La chronique à Renaud : Renaud se convertit

Causette

N° 69, juillet-août 2016

Une partie de mes potes Boozefighters du Chapitre 74 de Méthamis. En bas à gauche, Strom, le président. Des têtes de bandits, mais en réalité des anges…

Ça va les filles ? Ce mois-ci, je vais vous parler de ma famille, heu… pardon, de MES familles. J’en ai plein. Plein dans lesquelles j’ai été adopté comme un enfant perdu. D’abord de mes potes bikers des Boozefighters de Mécrin, dans la Meuse, et de Méthamis sur le mont Ventoux, soit à quatre pas de ma maison de L’Isle-sur-la-Sorgue. Les Boozefighters, comme leur nom ne l’indique pas, ne sont pas des bagarreurs à la bière, mais un club créé en 1946 aux États-Unis, un an après les bastons dans la ville de Hollister qui inspirèrent le film L’Équipée sauvage, avec Marlon Brando et Lee Marvin. À l’origine « Boozefighters » signifiait « les bagarreurs contre la bière », une bande de motards style Hells Angels qui luttaient contre toutes les addictions, notamment contre la bière. Le club de France a été créé quelques années plus tard, il fut le premier en Europe, aujourd’hui il est présent partout. Ceux dont je viens de vous parler, plus un en Bretagne (les Celtic’s), et depuis en Suisse, en Allemagne, en Scandinavie, en Belgique et même en Lituanie. J’en oublie.

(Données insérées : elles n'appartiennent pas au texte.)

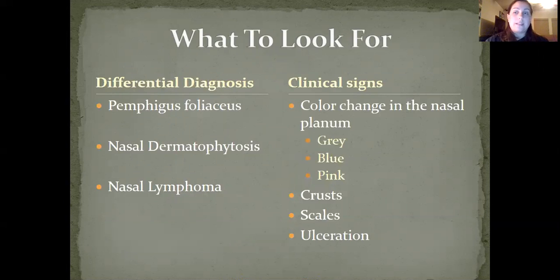What clinical signs should we look for? With discoid lupus erythematosus, clinical signs can present similarly to many different diseases, such as pemphigus foliaceus, nasal dermatophytosis, and even nasal lymphoma. Since DLE is typically affecting the nose, the most common clinical sign is color change of the nasal planum. This is usually seen as pigmentation loss, where dark areas of the nose turn gray, blue, or even pink. The loss of pigmentation may be followed by scales and areas of ulceration. Although this usually happens to the front of the nose — the nasal planum area — crusting, scaling, and ulceration can also spread over the bridge of the nose and be seen on the tips of the ear pinnae.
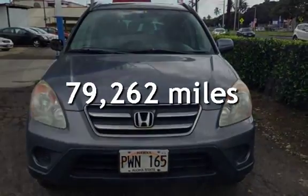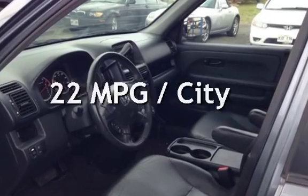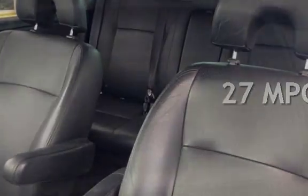This Honda has less than 80,000 miles on the odometer. Estimated fuel economy for this vehicle is 22 miles per gallon in the city and 27 miles per gallon on the highway.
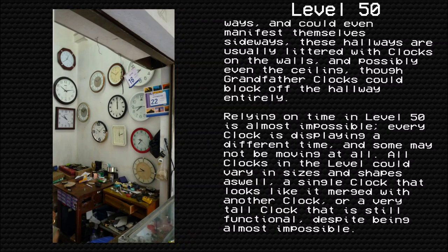Relying on time in Level 50 is almost impossible. Every clock displays a different time and some may not even move at all. All clocks in the level can vary in sizes and shapes as well — a single clock that looks like it merged with another clock, or a very tall clock that is still functional despite being almost impossible.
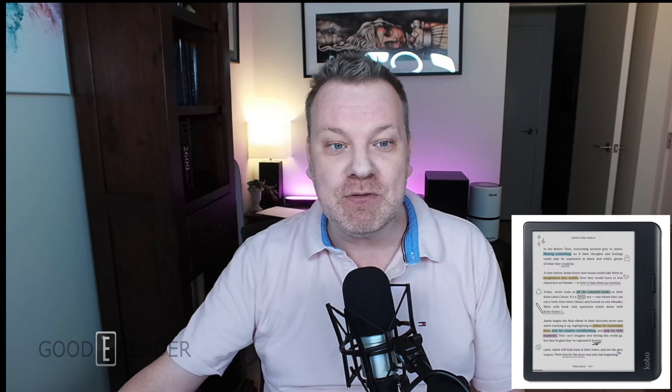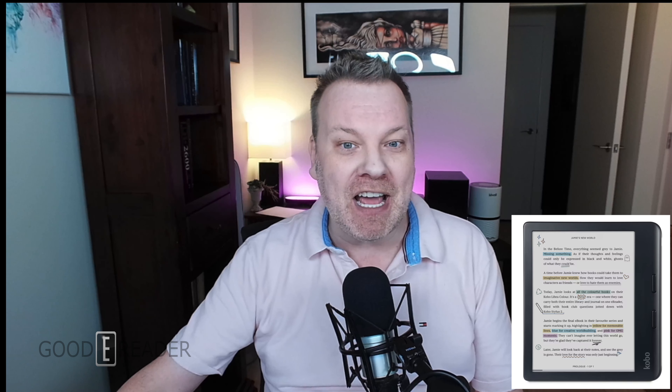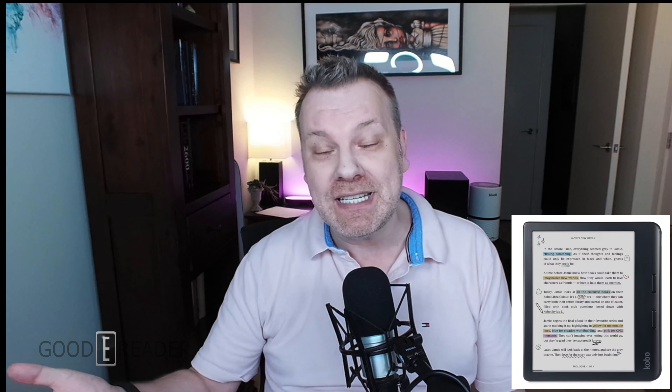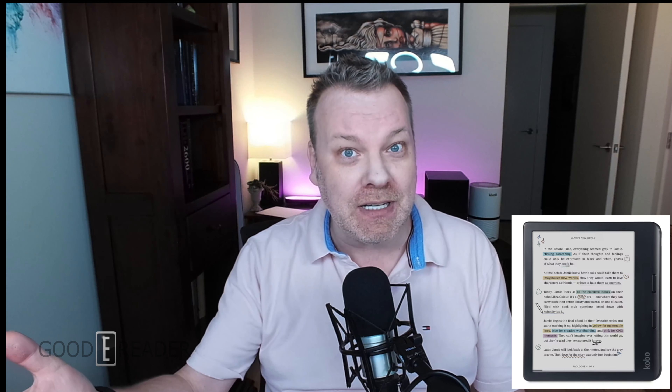Chapters Indigo not only leaked both e-readers but also new cases, which haven't been taken down yet. The cases say they're compatible with the Kobo Clara Color, though there's no listing or price for the Clara Color itself. A few smaller authorized Kobo retailers also put the Clara Color up early a couple of weeks ago. We know it's the Clara Color because the cases are compatible only with it and say so on the product description page — I'll link this in the video. The case colors are candy pink, cayenne red, misty green, and black.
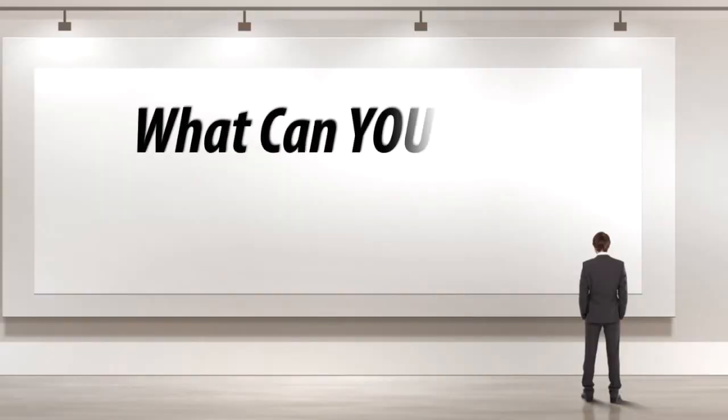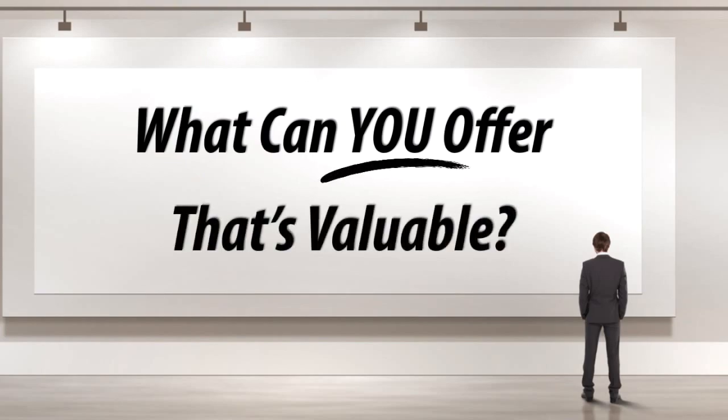So what can you offer that's valuable that makes people say, 'Oh, I'd be interested in that' — to raise their hand and engage with you just a little bit, even if they're not ready to buy anything right now? Make it as easy as possible for them to just engage with you.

La première fois qu’un ami (Henri Lœvenbruck) m’a introduit chez eux (c’est une image), ce fut il y a plusieurs mois à Mécrin. Un accueil exceptionnel, des amours de mec qui, sachant que j’étais sobre depuis quelque temps, ont dîné avec moi et vingt-cinq autres bikers et se sont tous sustentés pendant le repos au Coca zéro et à l’eau minérale. Sympa pour de grands buveurs de bière… Cela m’a touché infiniment. Peu de temps après, ils m’ont invité à un swap meet (une bourse d’échange de pièces de bécanes). Une ambiance folle, élection du plus beau chopper, de la plus belle moto, toutes travaillées, modifiées par leurs soins, un joli strip-tease par de bien belles bikeuses tatouées de partout, des stands de toutes sortes, badges, tee-shirts, insignes, pièces de bécanes en inox, cuivre, laiton, etc. Beaucoup de nanas, bardées de cuirs aux couleurs du club (ils appellent ça un chapitre), dont les filles des boozefighters, appelées les Boozettes.

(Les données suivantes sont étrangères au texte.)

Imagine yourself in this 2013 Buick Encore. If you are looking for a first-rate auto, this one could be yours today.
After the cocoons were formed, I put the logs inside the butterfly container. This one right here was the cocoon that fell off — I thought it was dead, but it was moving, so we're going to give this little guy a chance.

Récemment, je me suis rendu à Gérardmer, dans les Vosges, où Harley-Davidson (pas rancunier, je roule en Indian) m’a proposé d’être parrain d’un festival sur trois jours. Trois jours de dédicaces au milieu de vingt mille bikers, encore une fois membre du jury pour la plus belle bécane, ouvrant le deuxième festival des Gérardmer Motordays et remettant les prix aux heureux vainqueurs. Le matin, belle virée en bécane autour du lac de Gérardmer, et puis trois jours de dédicaces pour environ 2500 pellos qui n’étaient là que pour moi… Ma deuxième famille c’est eux, ceux de mon public, si chaleureux, si sensibles, tellement humains… Comme je dis souvent : mon public, c’est mon meilleur pote.

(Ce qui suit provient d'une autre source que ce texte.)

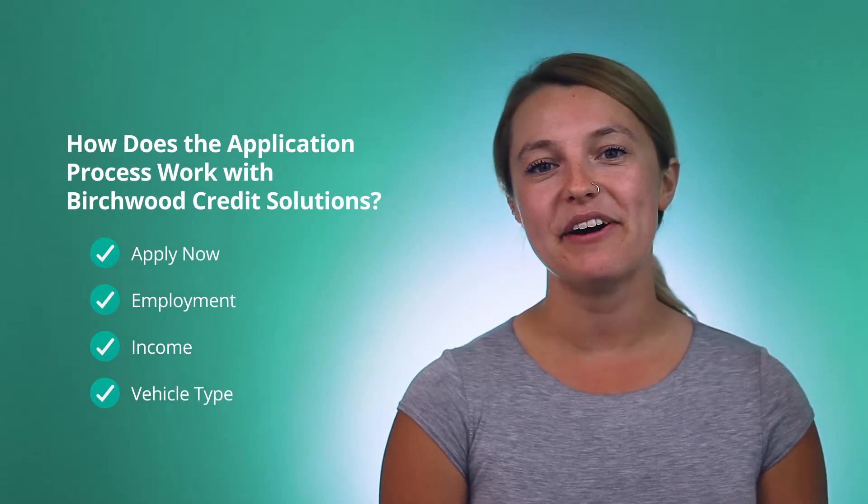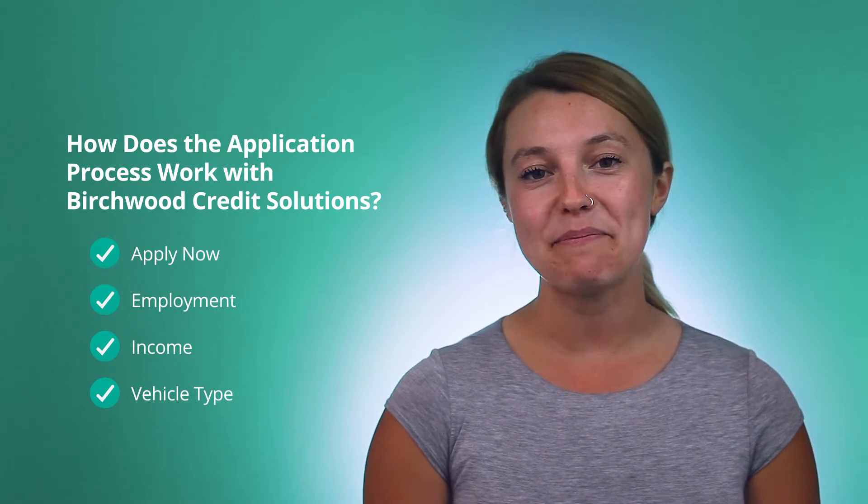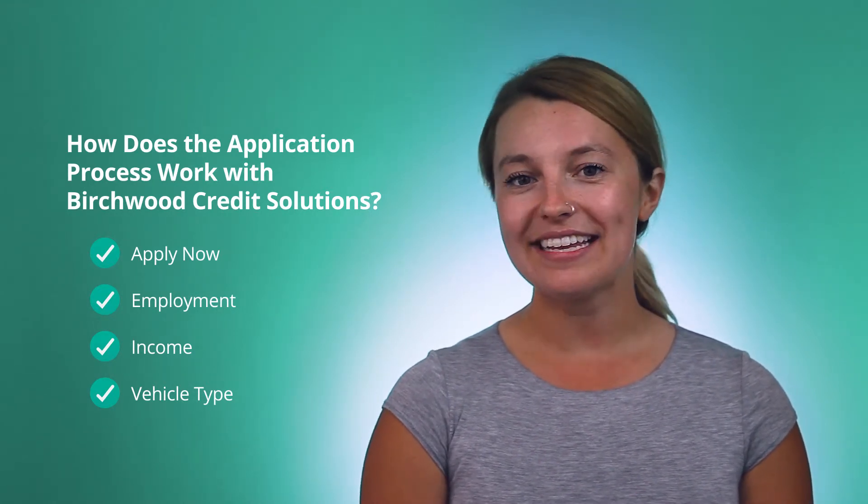From there, one of our team members will contact you within 24 hours. They'll go over the next steps and ask you a bit more information about your current financial status. After that, if we've gathered all the information needed, we can take you from application to approval and even driving a car within two to three days.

Et plus j’ai connu Michel…

Michel est un biker juif, on est devenus potes (amis, même) et j’ai commencé par lui poser quelques questions… L’ami m’a quasiment converti. Oui, vous avez bien lu, converti au judaïsme. J’avais déjà pas mal d’amis juifs, parmi mes musiciens entre autres, j’en ai beaucoup plus aujourd’hui et ce depuis ma chanson Hyper Cacher. Raphaël Mezrahi m’a expliqué que ses petits cousins juifs tunisiens pleuraient en l’écoutant. Philippe Draï m’a dit la même chose sur sa famille à Jérusalem, et une nouvelle amie, Françoise Smadja, m’a offert et a posé, à ma demande, une mézouza sur la porte de mon appart parigot. Elle m’a aussi donné un livre de psaumes écrit par le Roi David, j’en lis un par jour et je ne vous dis pas ce que ça m’apporte comme sérénité dans ma vie de saltimbanque déchiré de partout. Michel m’a offert la Torah, que j’attaquerai bientôt, et j’envisage de porter une kippa en quelques occasions. Michel m’a expliqué la culture juive, la religion et ses préceptes, m’a expliqué les traditions (trop belles) d’une douzaine de millions d’âmes. C’est encore sûrement trop pour certains antisionistes qui, le plus souvent, utilisent le désarroi du peuple palestinien pour dissimuler un antisémitisme larvé. Personnellement, tout en pleurant la mort de tant d’enfants dans ce conflit, je suis réellement devenue philosémite, judéophile, militant toujours pour deux États libres et fraternels. Après tout, les Palestiniens sont bien des Sémites, eux aussi…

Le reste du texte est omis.